Acho que este livro precisa de mais redação. Uma leitora no Goodreads queixou-se da falta de um fio condutor entre as histórias, mas para mim, às vezes, faltava um fio condutor entre as vinhetas individuais das crónicas! Achei alguns contos um pouco confusos.

Contos? Não quero dizer “bandas desenhadas”? À primeira vista os contos são bandas desenhadas mas não há balões de diálogo, apenas textos curtos que fazem parte da narração da anedota. O livro trata de uma série de histórias curtas sobre uma personagem ou um evento na história da cidade. Cada uma é ilustrada com um traço caricaturistico, mas não chega a ser uma banda desenhada.

Bem, não estou a resmungar, achei várias histórias na antologia interessantes; aprendi muito e até “roubei” umas ideias para fornecer conteúdos ao meu blogue!
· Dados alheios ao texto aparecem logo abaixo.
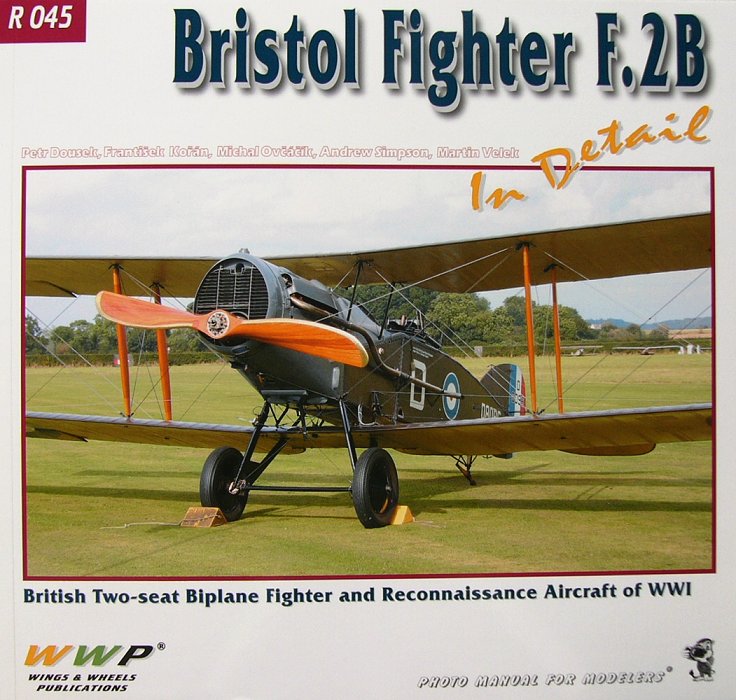 Publ. Bristol Fighter F.2B in detail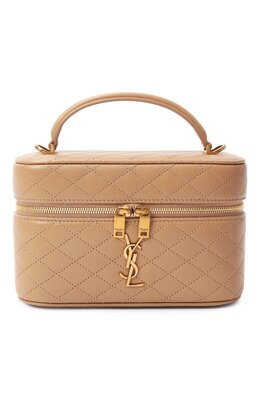 Saint Laurent: Золотая сумка  Gaby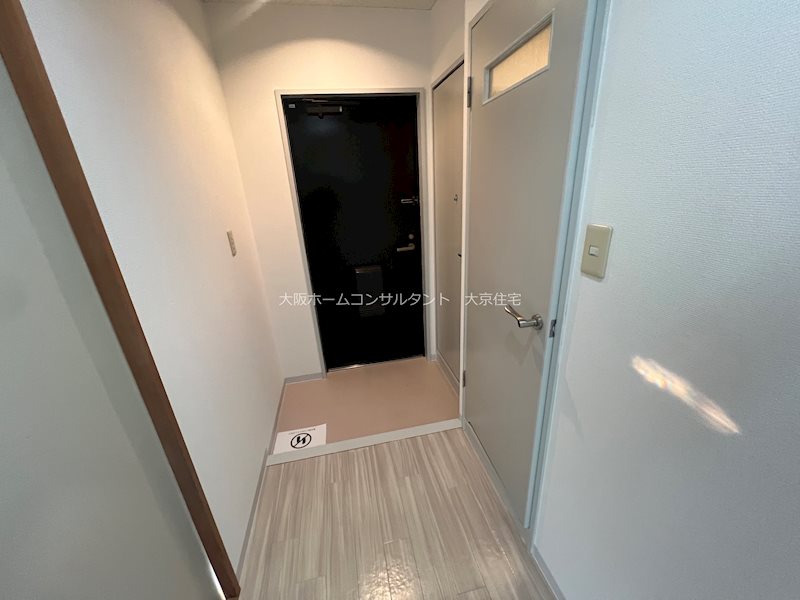 マンションツクモ 玄関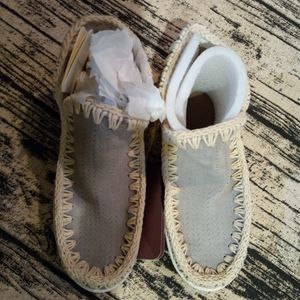 NEW!!! MOU Eskimo Sneaker Perf. Suede Gray #socute MU.SW211000O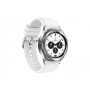 Samsung Galaxy Watch 4 Classic 3,05 cm (1.2") 42 mm SAMOLED Argento GPS (satellitare) (SM-R880NZSAEUE)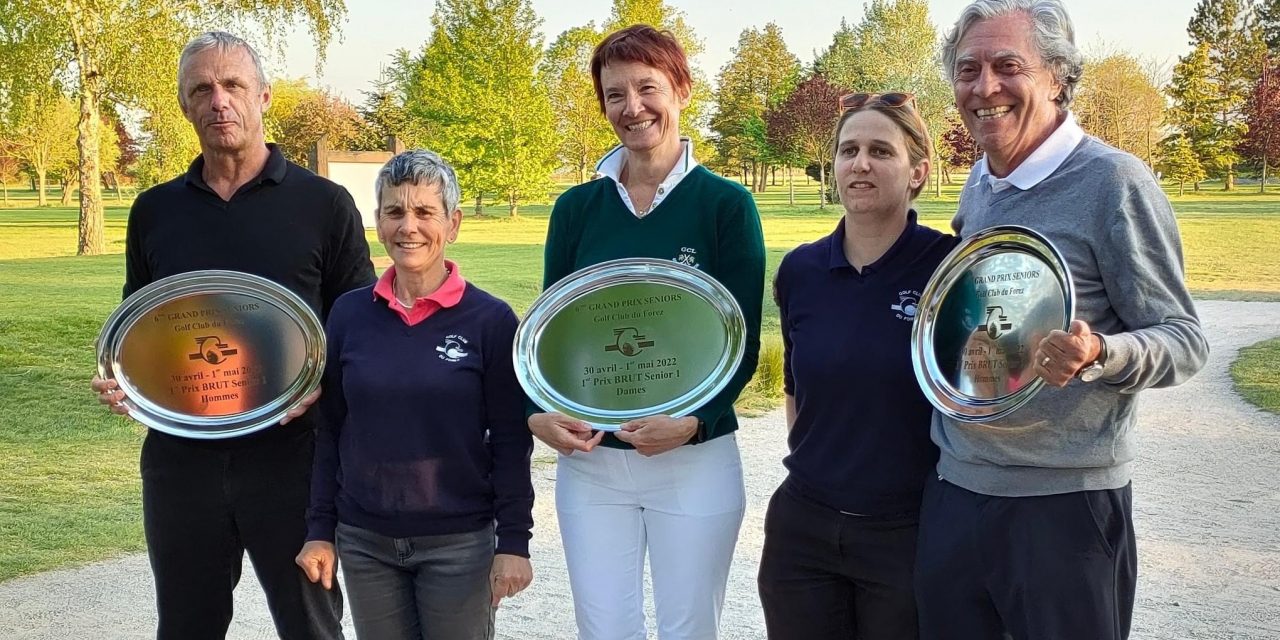 Grand Prix Seniors du Forez : Didier Raoul et Isabelle Balestro titrés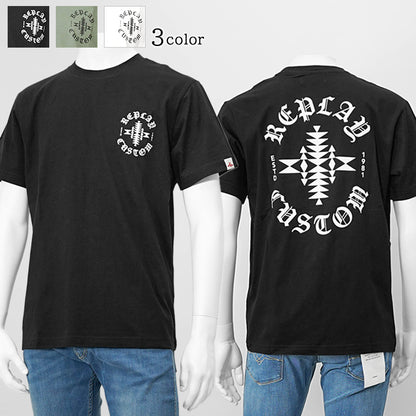 REPLAY メンズ Tシャツ M3052 2660 3カラー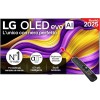 LG OLED evo AI G5 TV 83 pollici, Smart TV 4K, Staffa a muro inclusa, Processore α11 Gen2, Brightness Booster Ultimate, webOS con AI, Dolby Vision e Atmos, VRR e GSYNC 4K@165Hz, OLED83G54LW 2025 - 83"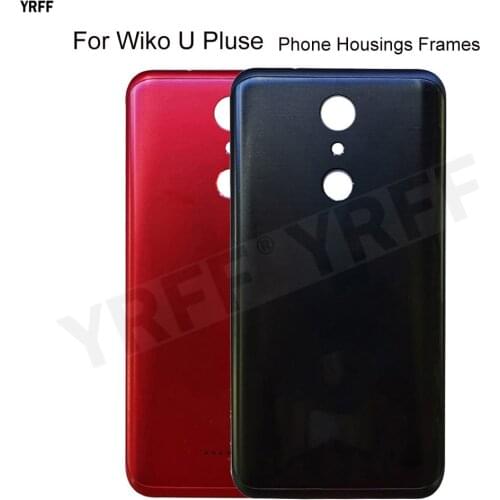 For Wiko U Pluse Mobile Phone Housings UPluse Battery Back Cover Door Housing Case Free Shipping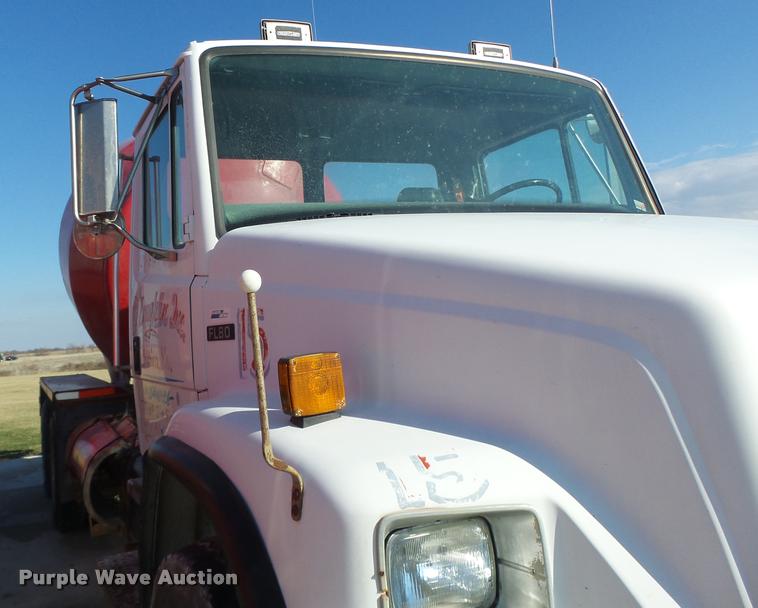 image for item DB1287 1996 Freightliner FL80 mixer truck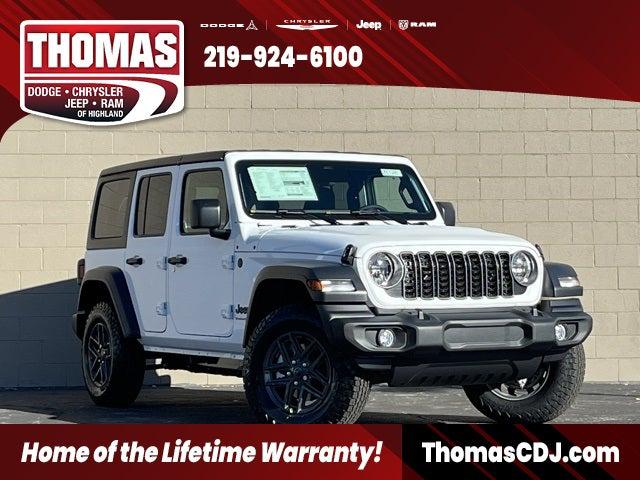 2026 Jeep Wrangler WRANGLER 4-DOOR SPORT S 2026 Jeep Wrangler WRANGLER 4-DOOR SPORT S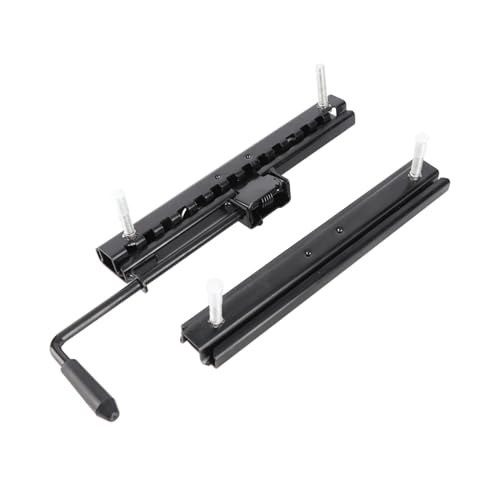 Pista Deslizante de Asiento, Pista Deslizante de Asiento de 2 Piezas Ajuste Deslizante de Asiento Ajustable de Fuerza Fuerte para Go Kart Four Wheel Off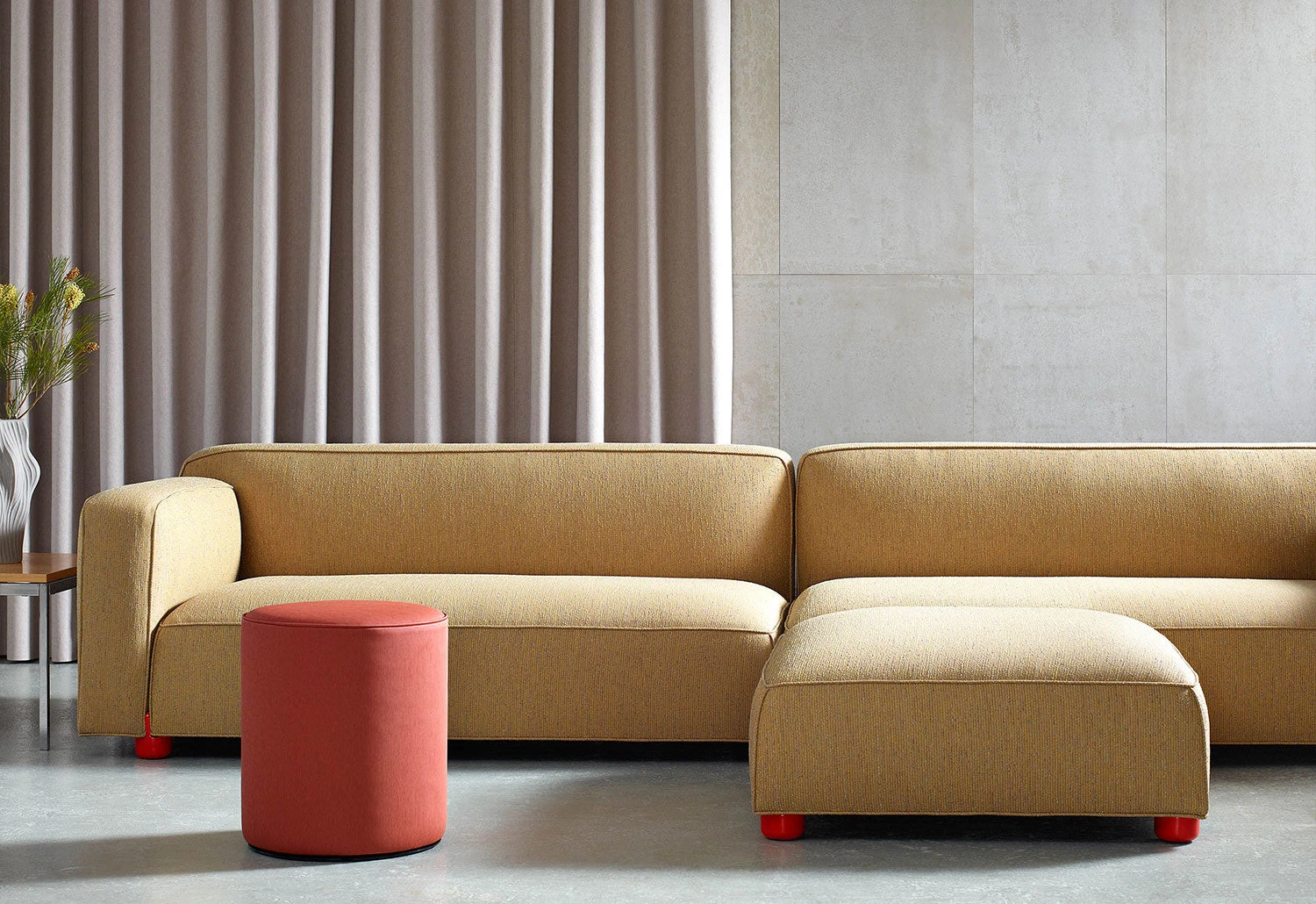 Barber Osgerby Ottoman, 2013 - Image 4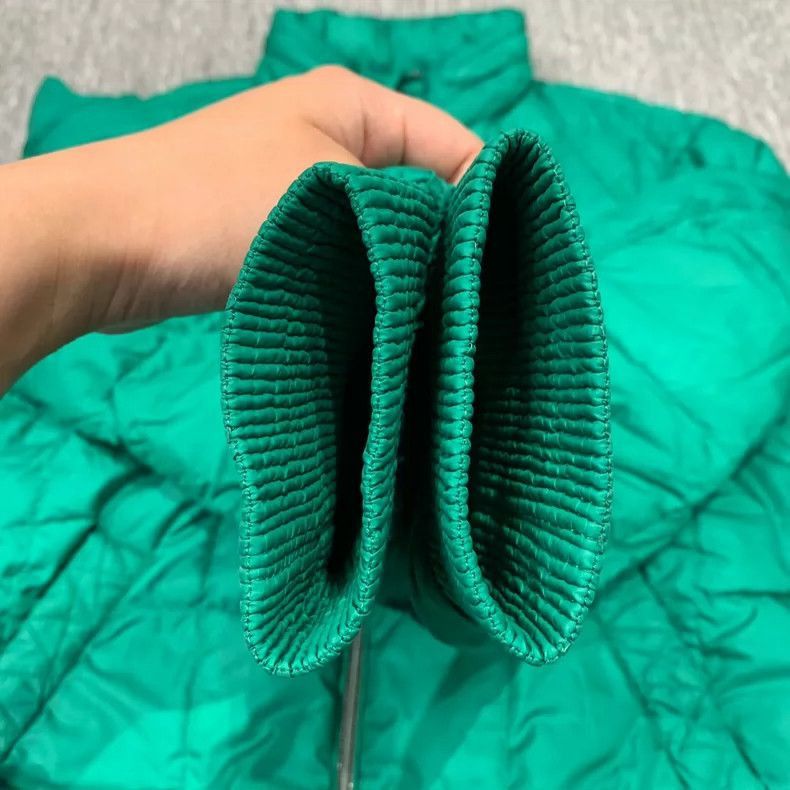 Fendi Fendi Green Down Jacket with Hidden Hood Size US L / EU 52-54 / 3 - 5 Thumbnail
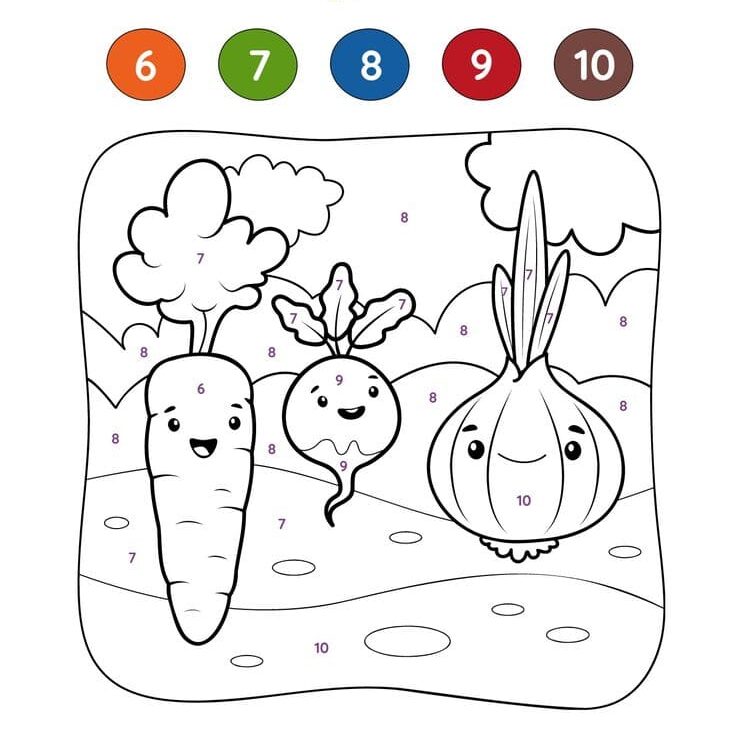 Coloriage Magique MS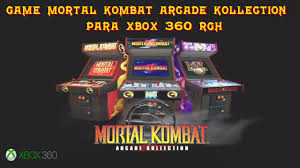 Ps he has an xbox 360 super slim rgh and i have an xbox 360 arcade rgh. Game Mortal Kombat Arcade Kollection Xbox 360 Rgh Youtube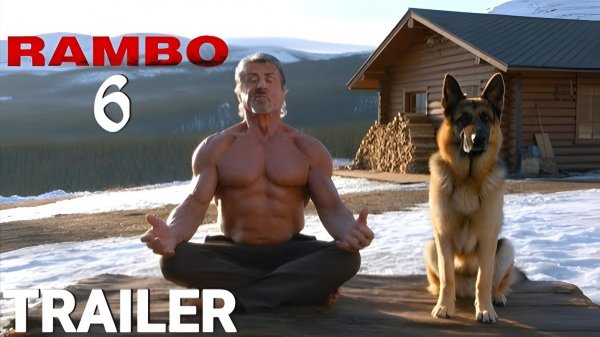 Рэмбо 6: Новая кровь (Трейлер 2026)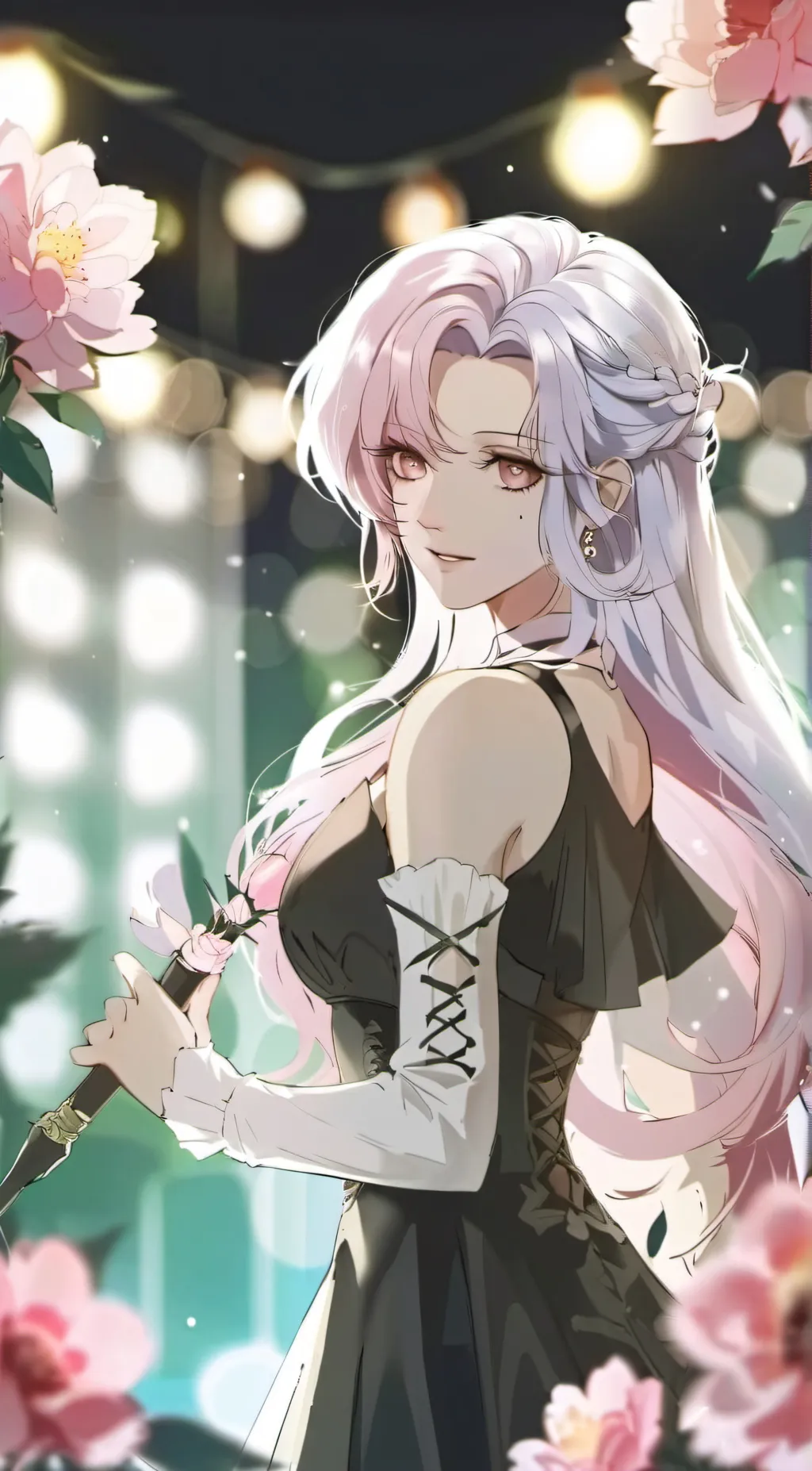 ai character: Mary hh background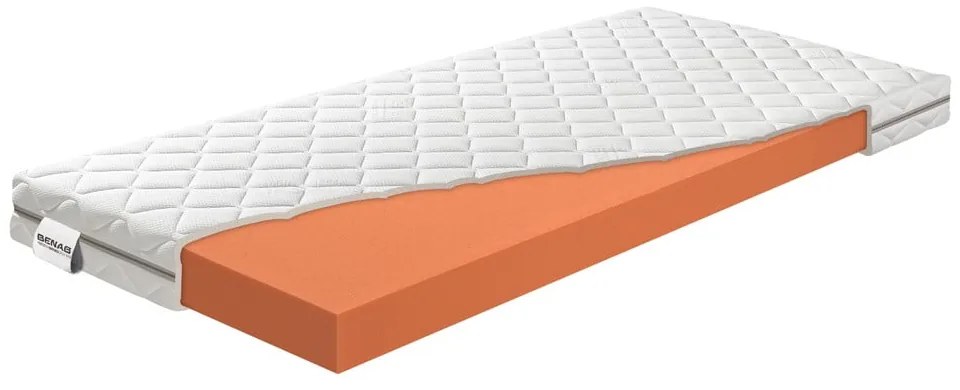 Saltea pentru copii fermă din spumă 120x200 cm Happy Dream – BENAB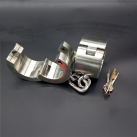 Наручники. Нержавеющая сталь. 6 см. photo 1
Havia personagens bem conhecidas como Carlos do Carmo e Santo António e mais algumas que eu pessoalmente não conhecia, como por exemplo as duas Júlias e Madame Brouillard, Mas o livro não se lê bem, o que é uma pena porque podia ser ainda melhor se os autores tivessem prestado mais atenção aos textos e feito algumas mudanças para reunir os fragmentos como um todo satisfatório.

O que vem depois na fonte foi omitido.